• Keagan Stokoe

Forget Reform. We Need a Revolution

This is Part 1 of a series of essays discussing a crisis we've all experienced: education. It will explore the current state of the system and how to transform it moving forward. I aim to provoke thought and encourage conversation. Please share, discuss and criticise the ideas in here. That's how things get better.


I taught robotics to children in a South African township last year. For most of them, it was the first time they’d used a computer. They were astounded at what it could do. I was astounded at what they could do.

They only required a few hours to start writing programs of their own, learning things outside the curriculum, and showing me that 9-year-olds are capable of more than expected.

Schools are filled with children waiting to discover their talents and unleash their potential. The children in that robotics class have the potential to become engineers and mathematicians. Many of them will, because they were allowed to explore and develop those talents at an early age. For those children, that robotics program was life-changing.

But what about the kid who doesn’t have the aptitude for programming but does have the aptitude for town planning? There isn’t a program for promising town planners. The town planner who misses out on discovering their passion isn’t alone. They’re part of the majority.

Most children leave school with a sense of relief. They leave without a sense of purpose or possibility, and without knowing what they’re truly good at. It’s not that these children lack ability, but rather that school only measures for one kind of ability. If you don't fit into that then school isn't for you. That shouldn’t sit well with you.


Our current system of teaching kids to sit in straight rows and obey instructions isn’t a coincidence — it was an investment in our economic future. Before the advent of public schooling, children worked in factories.

Labour was in high demand. The best kind of labour was cheap, and nobody was cheaper than a 7-year-old kid.

The idea of basic schooling for all children was met with outrage. Factory owners insisted that losing child workers would be catastrophic to their industries and fought to keep the kids at work.

They were ultimately convinced that public schooling was a good idea because it would benefit the factories in the long run. A constant supply of obedient workers made for promising profit forecasts. The plan: trade short-term child-labour wages for longer-term productivity by giving kids a head start in doing what they’re told.

‘Go to school, sit in rows, listen to the teacher’ easily becomes ‘go to the factory, work at your station, listen to the foreman.’

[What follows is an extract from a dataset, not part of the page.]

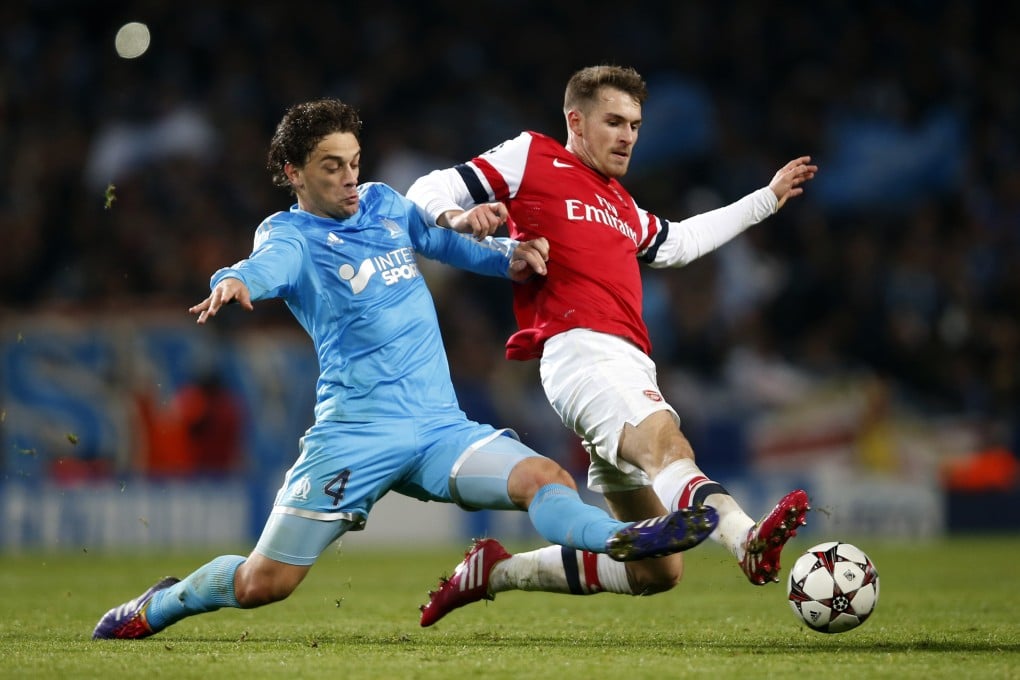 Arsenal's Aaron Ramsey vies with Lucas Mendes of Marseille in their Uefa Champions League match at Emirates Stadium. Photo: Xinhua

Large-scale education was not developed to motivate kids or to create lifelong learners. It wasn’t developed to help children discover their unique talents. It was developed to give children a head start on being obedient and efficient workers⁺.

Over a century has passed, and society has moved forward. The work we do, the tools we use, and the things we value have changed dramatically. The world of today would be barely recognisable to somebody living 100 years ago.

Unless you showed them the education system, because that hasn't changed much.


Education is a frequent topic of discussion. Everybody has an opinion and everybody has ideas for change. That shows two things:

  1. Enough people have been through the system and been disappointed by it to know that change is needed.

  2. Reform is discussed ad nauseam, but we’re yet to see the progress we desire.

Reform is making changes to improve something that already exists. How do you improve a system as broken as the current one? How do you eradicate the practice of creating obedient and compliant learners when it is so deeply ingrained in every part of the system?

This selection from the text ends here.